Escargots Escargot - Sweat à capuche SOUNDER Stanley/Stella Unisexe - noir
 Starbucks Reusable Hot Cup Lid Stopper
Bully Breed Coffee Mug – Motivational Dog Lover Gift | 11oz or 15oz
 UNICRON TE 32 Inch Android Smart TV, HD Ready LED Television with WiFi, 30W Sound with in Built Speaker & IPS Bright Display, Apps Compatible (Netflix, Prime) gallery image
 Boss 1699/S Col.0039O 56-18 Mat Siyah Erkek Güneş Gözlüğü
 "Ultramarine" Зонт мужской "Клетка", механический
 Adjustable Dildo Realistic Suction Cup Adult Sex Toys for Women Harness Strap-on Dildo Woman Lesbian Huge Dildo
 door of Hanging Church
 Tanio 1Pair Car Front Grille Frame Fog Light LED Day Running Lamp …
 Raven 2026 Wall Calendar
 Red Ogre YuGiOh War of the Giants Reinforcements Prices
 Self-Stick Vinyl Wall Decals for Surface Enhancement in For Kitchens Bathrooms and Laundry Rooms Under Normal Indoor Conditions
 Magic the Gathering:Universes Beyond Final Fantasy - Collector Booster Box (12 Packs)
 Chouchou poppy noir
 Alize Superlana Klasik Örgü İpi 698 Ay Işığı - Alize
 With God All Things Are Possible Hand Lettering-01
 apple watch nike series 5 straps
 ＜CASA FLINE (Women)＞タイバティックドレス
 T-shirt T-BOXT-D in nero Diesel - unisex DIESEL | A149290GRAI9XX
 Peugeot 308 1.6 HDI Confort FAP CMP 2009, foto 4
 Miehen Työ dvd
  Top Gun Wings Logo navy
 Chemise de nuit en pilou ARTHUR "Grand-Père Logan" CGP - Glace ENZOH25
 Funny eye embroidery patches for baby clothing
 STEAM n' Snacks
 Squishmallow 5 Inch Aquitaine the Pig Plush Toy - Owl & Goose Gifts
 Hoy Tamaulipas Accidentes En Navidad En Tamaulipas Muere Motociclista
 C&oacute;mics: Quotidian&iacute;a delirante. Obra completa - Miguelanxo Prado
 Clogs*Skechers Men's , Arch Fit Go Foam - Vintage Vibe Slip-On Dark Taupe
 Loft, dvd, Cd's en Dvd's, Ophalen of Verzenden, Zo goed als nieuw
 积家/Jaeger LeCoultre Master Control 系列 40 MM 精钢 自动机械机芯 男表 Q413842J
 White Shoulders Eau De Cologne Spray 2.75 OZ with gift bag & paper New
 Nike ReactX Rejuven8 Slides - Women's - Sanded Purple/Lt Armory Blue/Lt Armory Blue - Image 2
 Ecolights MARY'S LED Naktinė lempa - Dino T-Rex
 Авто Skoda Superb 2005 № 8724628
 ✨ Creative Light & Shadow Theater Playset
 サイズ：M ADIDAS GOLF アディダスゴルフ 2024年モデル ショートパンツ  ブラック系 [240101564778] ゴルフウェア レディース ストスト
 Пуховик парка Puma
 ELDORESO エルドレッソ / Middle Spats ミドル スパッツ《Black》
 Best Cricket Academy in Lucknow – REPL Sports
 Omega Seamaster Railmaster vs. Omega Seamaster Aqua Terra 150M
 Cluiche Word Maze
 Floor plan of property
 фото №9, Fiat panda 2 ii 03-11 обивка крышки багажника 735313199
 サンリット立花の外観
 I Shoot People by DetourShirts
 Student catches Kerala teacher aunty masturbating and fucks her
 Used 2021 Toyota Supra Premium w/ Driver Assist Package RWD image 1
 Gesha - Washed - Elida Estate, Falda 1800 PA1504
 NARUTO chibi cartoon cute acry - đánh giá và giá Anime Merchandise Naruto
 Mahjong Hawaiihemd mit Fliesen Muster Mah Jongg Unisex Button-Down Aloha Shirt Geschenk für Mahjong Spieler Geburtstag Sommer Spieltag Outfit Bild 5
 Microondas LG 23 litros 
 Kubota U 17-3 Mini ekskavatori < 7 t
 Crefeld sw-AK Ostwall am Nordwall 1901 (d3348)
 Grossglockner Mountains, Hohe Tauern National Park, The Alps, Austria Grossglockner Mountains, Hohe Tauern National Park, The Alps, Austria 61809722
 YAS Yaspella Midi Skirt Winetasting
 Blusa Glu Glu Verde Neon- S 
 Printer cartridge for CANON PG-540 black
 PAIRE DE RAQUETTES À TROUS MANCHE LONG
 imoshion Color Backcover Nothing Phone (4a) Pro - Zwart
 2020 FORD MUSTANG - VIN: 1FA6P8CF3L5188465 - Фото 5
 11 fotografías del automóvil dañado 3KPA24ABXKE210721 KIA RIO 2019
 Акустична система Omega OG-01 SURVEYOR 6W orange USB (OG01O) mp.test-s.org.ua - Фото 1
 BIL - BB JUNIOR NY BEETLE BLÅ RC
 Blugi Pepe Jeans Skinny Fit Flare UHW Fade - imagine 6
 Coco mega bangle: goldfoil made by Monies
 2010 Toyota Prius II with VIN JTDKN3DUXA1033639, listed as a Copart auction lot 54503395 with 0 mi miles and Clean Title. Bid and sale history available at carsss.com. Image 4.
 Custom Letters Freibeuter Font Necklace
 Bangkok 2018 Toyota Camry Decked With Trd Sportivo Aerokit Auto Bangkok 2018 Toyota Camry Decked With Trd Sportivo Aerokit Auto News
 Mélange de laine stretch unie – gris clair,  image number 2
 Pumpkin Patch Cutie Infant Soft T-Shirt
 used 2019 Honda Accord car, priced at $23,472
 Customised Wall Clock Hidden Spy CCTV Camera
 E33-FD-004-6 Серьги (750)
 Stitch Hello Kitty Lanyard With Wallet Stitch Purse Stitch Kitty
----------------------------------------
Every record above needs to be given again exactly.

▸ **Result of the exercise**:
Escargots Escargot - Sweat à capuche SOUNDER Stanley/Stella Unisexe - noir
 Starbucks Reusable Hot Cup Lid Stopper
Bully Breed Coffee Mug – Motivational Dog Lover Gift | 11oz or 15oz
 UNICRON TE 32 Inch Android Smart TV, HD Ready LED Television with WiFi, 30W Sound with in Built Speaker & IPS Bright Display, Apps Compatible (Netflix, Prime) gallery image
 Boss 1699/S Col.0039O 56-18 Mat Siyah Erkek Güneş Gözlüğü
 "Ultramarine" Зонт мужской "Клетка", механический
 Adjustable Dildo Realistic Suction Cup Adult Sex Toys for Women Harness Strap-on Dildo Woman Lesbian Huge Dildo
 door of Hanging Church
 Tanio 1Pair Car Front Grille Frame Fog Light LED Day Running Lamp …
 Raven 2026 Wall Calendar
 Red Ogre YuGiOh War of the Giants Reinforcements Prices
 Self-Stick Vinyl Wall Decals for Surface Enhancement in For Kitchens Bathrooms and Laundry Rooms Under Normal Indoor Conditions
 Magic the Gathering:Universes Beyond Final Fantasy - Collector Booster Box (12 Packs)
 Chouchou poppy noir
 Alize Superlana Klasik Örgü İpi 698 Ay Işığı - Alize
 With God All Things Are Possible Hand Lettering-01
 apple watch nike series 5 straps
 ＜CASA FLINE (Women)＞タイバティックドレス
 T-shirt T-BOXT-D in nero Diesel - unisex DIESEL | A149290GRAI9XX
 Peugeot 308 1.6 HDI Confort FAP CMP 2009, foto 4
 Miehen Työ dvd
  Top Gun Wings Logo navy
 Chemise de nuit en pilou ARTHUR "Grand-Père Logan" CGP - Glace ENZOH25
 Funny eye embroidery patches for baby clothing
 STEAM n' Snacks
 Squishmallow 5 Inch Aquitaine the Pig Plush Toy - Owl & Goose Gifts
 Hoy Tamaulipas Accidentes En Navidad En Tamaulipas Muere Motociclista
 C&oacute;mics: Quotidian&iacute;a delirante. Obra completa - Miguelanxo Prado
 Clogs*Skechers Men's , Arch Fit Go Foam - Vintage Vibe Slip-On Dark Taupe
 Loft, dvd, Cd's en Dvd's, Ophalen of Verzenden, Zo goed als nieuw
 积家/Jaeger LeCoultre Master Control 系列 40 MM 精钢 自动机械机芯 男表 Q413842J
 White Shoulders Eau De Cologne Spray 2.75 OZ with gift bag & paper New
 Nike ReactX Rejuven8 Slides - Women's - Sanded Purple/Lt Armory Blue/Lt Armory Blue - Image 2
 Ecolights MARY'S LED Naktinė lempa - Dino T-Rex
 Авто Skoda Superb 2005 № 8724628
 ✨ Creative Light & Shadow Theater Playset
 サイズ：M ADIDAS GOLF アディダスゴルフ 2024年モデル ショートパンツ  ブラック系 [240101564778] ゴルフウェア レディース ストスト
 Пуховик парка Puma
 ELDORESO エルドレッソ / Middle Spats ミドル スパッツ《Black》
 Best Cricket Academy in Lucknow – REPL Sports
 Omega Seamaster Railmaster vs. Omega Seamaster Aqua Terra 150M
 Cluiche Word Maze
 Floor plan of property
 фото №9, Fiat panda 2 ii 03-11 обивка крышки багажника 735313199
 サンリット立花の外観
 I Shoot People by DetourShirts
 Student catches Kerala teacher aunty masturbating and fucks her
 Used 2021 Toyota Supra Premium w/ Driver Assist Package RWD image 1
 Gesha - Washed - Elida Estate, Falda 1800 PA1504
 NARUTO chibi cartoon cute acry - đánh giá và giá Anime Merchandise Naruto
 Mahjong Hawaiihemd mit Fliesen Muster Mah Jongg Unisex Button-Down Aloha Shirt Geschenk für Mahjong Spieler Geburtstag Sommer Spieltag Outfit Bild 5
 Microondas LG 23 litros 
 Kubota U 17-3 Mini ekskavatori < 7 t
 Crefeld sw-AK Ostwall am Nordwall 1901 (d3348)
 Grossglockner Mountains, Hohe Tauern National Park, The Alps, Austria Grossglockner Mountains, Hohe Tauern National Park, The Alps, Austria 61809722
 YAS Yaspella Midi Skirt Winetasting
 Blusa Glu Glu Verde Neon- S 
 Printer cartridge for CANON PG-540 black
 PAIRE DE RAQUETTES À TROUS MANCHE LONG
 imoshion Color Backcover Nothing Phone (4a) Pro - Zwart
 2020 FORD MUSTANG - VIN: 1FA6P8CF3L5188465 - Фото 5
 11 fotografías del automóvil dañado 3KPA24ABXKE210721 KIA RIO 2019
 Акустична система Omega OG-01 SURVEYOR 6W orange USB (OG01O) mp.test-s.org.ua - Фото 1
 BIL - BB JUNIOR NY BEETLE BLÅ RC
 Blugi Pepe Jeans Skinny Fit Flare UHW Fade - imagine 6
 Coco mega bangle: goldfoil made by Monies
 2010 Toyota Prius II with VIN JTDKN3DUXA1033639, listed as a Copart auction lot 54503395 with 0 mi miles and Clean Title. Bid and sale history available at carsss.com. Image 4.
 Custom Letters Freibeuter Font Necklace
 Bangkok 2018 Toyota Camry Decked With Trd Sportivo Aerokit Auto Bangkok 2018 Toyota Camry Decked With Trd Sportivo Aerokit Auto News
 Mélange de laine stretch unie – gris clair,  image number 2
 Pumpkin Patch Cutie Infant Soft T-Shirt
 used 2019 Honda Accord car, priced at $23,472
 Customised Wall Clock Hidden Spy CCTV Camera
 E33-FD-004-6 Серьги (750)
 Stitch Hello Kitty Lanyard With Wallet Stitch Purse Stitch Kitty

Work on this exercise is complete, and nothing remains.